Judas used a kiss to betray Jesus because Jesus had the ability to change shape, according to a newly deciphered Egyptian text, dating back almost 1,200 years

Shapeshifter Jesus had dinner with Pilate before crucifixion: Ancient Egyptian text

Judas used a kiss to betray Jesus because Jesus had the ability to change shape, according to a newly deciphered Egyptian text, dating back almost 1,200 years

The text also puts the day of the arrest of Jesus on Tuesday evening rather than Thursday evening, something that contravenes the Easter timeline, the Fox News reported

Written in the Coptic language, the ancient text further claimed that Pontius Pilate, the judge who authorised Jesus’ crucifixion, had dinner with Jesus before his crucifixion and offered to sacrifice his own son in the place of Jesus.

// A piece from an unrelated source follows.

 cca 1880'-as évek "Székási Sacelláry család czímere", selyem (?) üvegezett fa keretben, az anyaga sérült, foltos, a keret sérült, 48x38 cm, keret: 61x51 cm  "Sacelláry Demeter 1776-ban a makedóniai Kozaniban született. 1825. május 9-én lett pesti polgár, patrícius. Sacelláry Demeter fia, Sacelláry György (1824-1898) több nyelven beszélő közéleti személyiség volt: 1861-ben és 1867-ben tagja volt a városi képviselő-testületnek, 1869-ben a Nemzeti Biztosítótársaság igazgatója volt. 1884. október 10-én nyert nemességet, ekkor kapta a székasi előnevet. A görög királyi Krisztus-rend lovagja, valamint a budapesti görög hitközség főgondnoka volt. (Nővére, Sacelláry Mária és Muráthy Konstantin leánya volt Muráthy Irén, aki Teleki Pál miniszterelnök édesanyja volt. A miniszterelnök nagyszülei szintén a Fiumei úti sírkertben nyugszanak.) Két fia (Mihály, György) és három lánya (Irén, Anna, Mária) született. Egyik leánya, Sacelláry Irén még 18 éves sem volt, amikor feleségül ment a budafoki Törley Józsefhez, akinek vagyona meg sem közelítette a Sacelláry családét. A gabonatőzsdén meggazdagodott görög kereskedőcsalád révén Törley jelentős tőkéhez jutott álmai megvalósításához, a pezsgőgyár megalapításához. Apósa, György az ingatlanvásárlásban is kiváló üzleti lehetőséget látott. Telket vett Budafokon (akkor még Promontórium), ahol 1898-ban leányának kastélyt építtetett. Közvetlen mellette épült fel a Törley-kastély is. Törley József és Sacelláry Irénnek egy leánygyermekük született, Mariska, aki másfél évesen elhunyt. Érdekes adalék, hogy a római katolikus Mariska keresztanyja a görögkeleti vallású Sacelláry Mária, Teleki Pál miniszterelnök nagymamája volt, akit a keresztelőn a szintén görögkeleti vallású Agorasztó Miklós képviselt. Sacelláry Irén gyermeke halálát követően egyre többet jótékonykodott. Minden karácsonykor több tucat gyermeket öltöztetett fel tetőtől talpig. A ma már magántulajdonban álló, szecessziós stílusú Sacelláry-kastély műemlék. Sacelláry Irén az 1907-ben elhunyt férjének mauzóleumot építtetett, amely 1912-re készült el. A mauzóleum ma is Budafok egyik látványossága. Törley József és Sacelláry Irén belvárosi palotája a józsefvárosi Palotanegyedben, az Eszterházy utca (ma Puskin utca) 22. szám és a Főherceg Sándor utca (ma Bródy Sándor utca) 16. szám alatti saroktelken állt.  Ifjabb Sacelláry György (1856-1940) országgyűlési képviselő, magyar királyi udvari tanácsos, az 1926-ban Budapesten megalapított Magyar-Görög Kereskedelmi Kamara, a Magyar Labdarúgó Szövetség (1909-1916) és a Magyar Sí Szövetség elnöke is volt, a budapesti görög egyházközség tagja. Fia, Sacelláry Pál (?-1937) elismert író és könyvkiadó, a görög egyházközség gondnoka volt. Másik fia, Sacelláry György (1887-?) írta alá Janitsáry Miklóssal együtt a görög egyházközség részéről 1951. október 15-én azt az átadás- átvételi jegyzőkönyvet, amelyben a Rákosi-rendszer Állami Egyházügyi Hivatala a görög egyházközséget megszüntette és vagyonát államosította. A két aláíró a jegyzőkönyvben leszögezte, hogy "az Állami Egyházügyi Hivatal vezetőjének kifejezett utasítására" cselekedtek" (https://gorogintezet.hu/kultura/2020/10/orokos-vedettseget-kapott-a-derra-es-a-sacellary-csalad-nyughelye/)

Roelof van den Broek, of Utrecht University in the Netherlands, who published the translation of the text in the book “Pseudo-Cyril of Jerusalem on the Life and the Passion of Christ” (Brill, 2013) said that the discovery of the text doesn’t mean these events happened, but rather that some people living at the time appear to have believed in them

Copies of the text are found in two manuscripts, one in the Morgan Library and Museum in New York City and the other at the Museum of the University of Pennsylvania. Most of the translation comes from the New York text, because the relevant text in the Pennsylvania manuscript is mostly illegible

While apocryphal stories about Pilate are known from ancient times, van den Broek wrote in an email to LiveScience that he has never seen this one before, with Pilate offering to sacrifice his own son in the place of Jesus

The understanding of Judas’ kiss goes way back.

“This explanation of Judas’ kiss is first found in Origen [a theologian who lived A.D. 185-254],” van den Broek wrote

In his work, Contra Celsum Origen stated that “to those who saw him [Jesus] he did not appear alike to all.

The text is written in the name of St. Cyril of Jerusalem who lived during the fourth century.